Compiling with Time and Space Constraints
Jens Palsberg, Purdue University, USA
Most compilers ignore the problems of limited code space and real-time deadlines in embedded systems. Designers of embedded software often have no better alternative than to manually optimize the source code or even the compiled code. Besides being tedious and error-prone, such manual optimization results in obfuscated code which is difficult to maintain and reuse. In this talk we will survey the state of the art in time- and space-aware compilation. As an example, we will present a code-size-directed compiler in which register allocation and code generation are phrased as an integer linear programming problem, and the desired code-size bound is an additional constraint. Our experimental results show that our compiler, when applied to two commercial microcontrollers, can generate code that is as compact as carefully crafted code.
 

Managing dynamic real-time tasks for modern multi-media systems on multi-processor platforms
Rudy Lauwereins, IMEC & K.U.Leuven, Belgium
Run-time task scheduling on a multiprocessor platform forms a real challenge for real-time embedded systems, where also costs like energy consumption are of major concern.  This problem will be illustrated first in the context of state-of-the-art embedded multi-media systems that are becoming more and more dynamic due to e.g. QoS issues. These applications also require high-performant heterogeneous multi-processor platforms to achieve real-time. Typically the run-time schedules for such dynamic systems are determined by the RTOS.  Experience shows however that this is not effective for keeping the energy or memory footprint low.  This cost-sensitive problem formulation has also not been considered in the traditional dynamic scheduling research. The approach proposed here, intends to combine the advantages of the design-time scheduling phase where all the necessary information is collected and prepared, and the flexibility of a dynamic scheduling phase that exploits this information. This approach allows to optimize the system energy consumption at run time based on precomputed cost-performance Pareto curves. The application-specific run-time scheduler is then integrated on top of the RTOS. Application results will demonstrate the feasibility of collecting these Pareto curves for realistic applications (based on prototype tools that have been developed). Also the impact of the run-time phase will be illustrated.

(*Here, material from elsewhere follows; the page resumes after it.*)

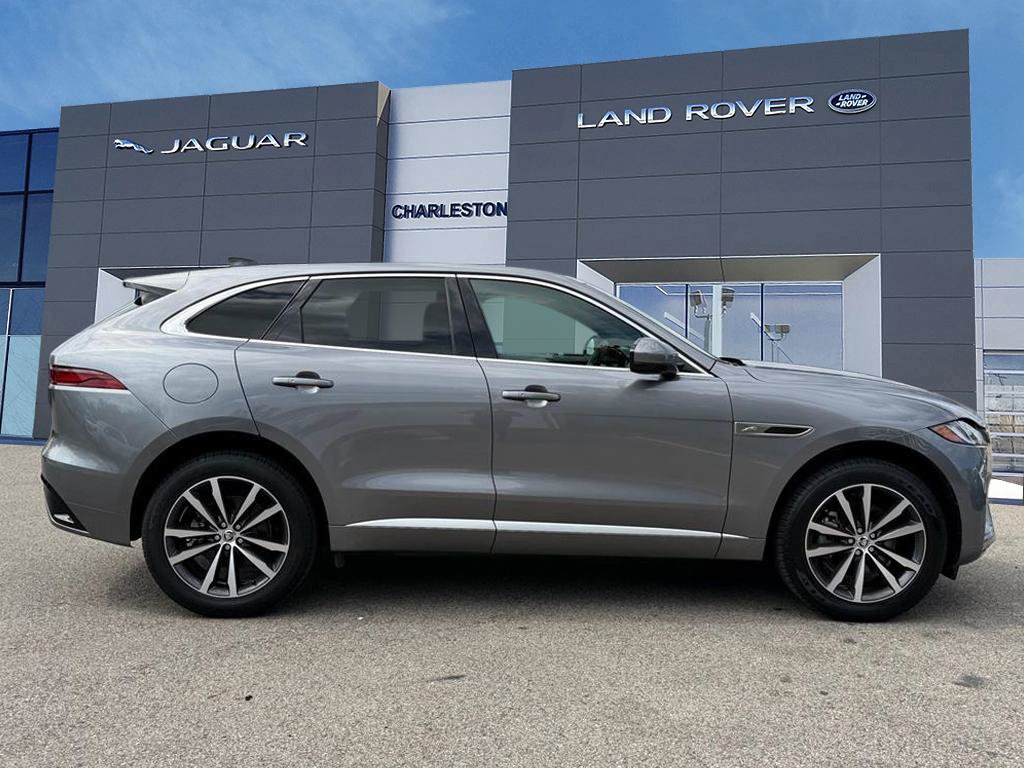 Used 2025 Jaguar F-PACE R-Dynamic S AWD/4WD image 6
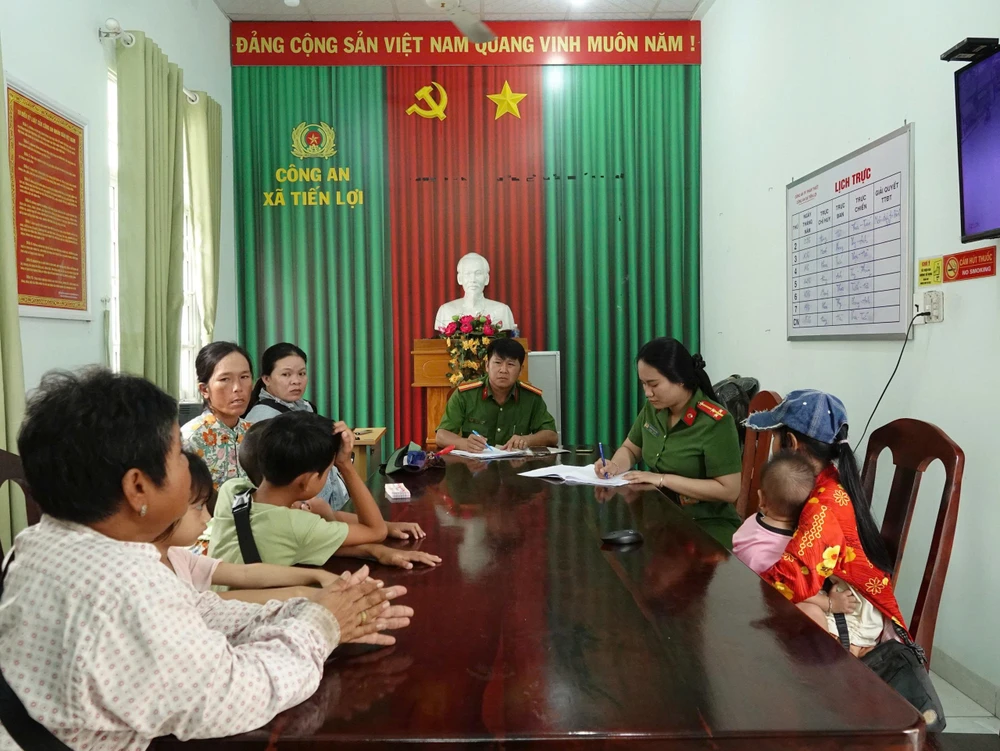 cuop-giat-ve-so (2).jpg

MP-SoC modeling: A Software point of view
Marcello Coppola, STMicroelectronics, France
Multi-Processor-System-on-Chip (MP-SOC) is a set of components, embedded on the same chip, which collaborates to achieve a common purpose. The design flow for such system is a key point for companies as STM, because a good flow may reduce the gap between productivity and time-to-silicon. The necessity to have several abstraction levels for the software and hardware is key point for such design flows.  Today, hardware modeling is well covered and understood but there is a lack in modeling for software components. This talk, first of all introduces which are the software components that we can found in MP-SOC, then a comprehensive description for software components will be given. Finally a modeling methodology based on SystemC for such components is described. Two small examples conclude the talk.
 

Embedded Real-Time Operating Systems

Real-Time Dynamic Voltage Scaling for Low-Power Embedded Operating Systems
Kang G. Shin, Real-Time Computing Laboratory, The University of Michigan, USA
In recent years, there has been a rapid and wide spread of non-traditional computing platforms, especially mobile and portable computing devices. As applications become increasingly sophisticated and processing power increases, the most serious limitation on these devices is the available battery life. Dynamic Voltage Scaling (DVS) has been a key technique in exploiting the hardware characteristics of processors to reduce energy dissipation by lowering the supply voltage and operating frequency. The DVS algorithms are shown to be able to make dramatic energy savings while providing the necessary peak computation power in general-purpose systems. However, for a large class of applications in embedded real-time systems like cellular phones and camcorders, the variable operating frequency interferes with their deadline guarantee mechanisms, and DVS in this context, despite its growing importance, is largely overlooked/under-developed. To provide real-time guarantees, DVS must consider deadlines and periodicity of real-time tasks, requiring integration with the real-time scheduler. In this talk, we present a class of novel algorithms called the real-time DVS (RT-DVS) that modify the OS's real-time scheduler and task management service to provide significant energy savings while maintaining real-time deadline guarantees. We show through simulations and a working prototype implementation that these RT-DVS algorithms closely approach the theoretical lower bound on energy consumption, and can easily reduce energy consumption 20% to 40% in an embedded real-time system.This is joint work with Padmanabhan Pillai.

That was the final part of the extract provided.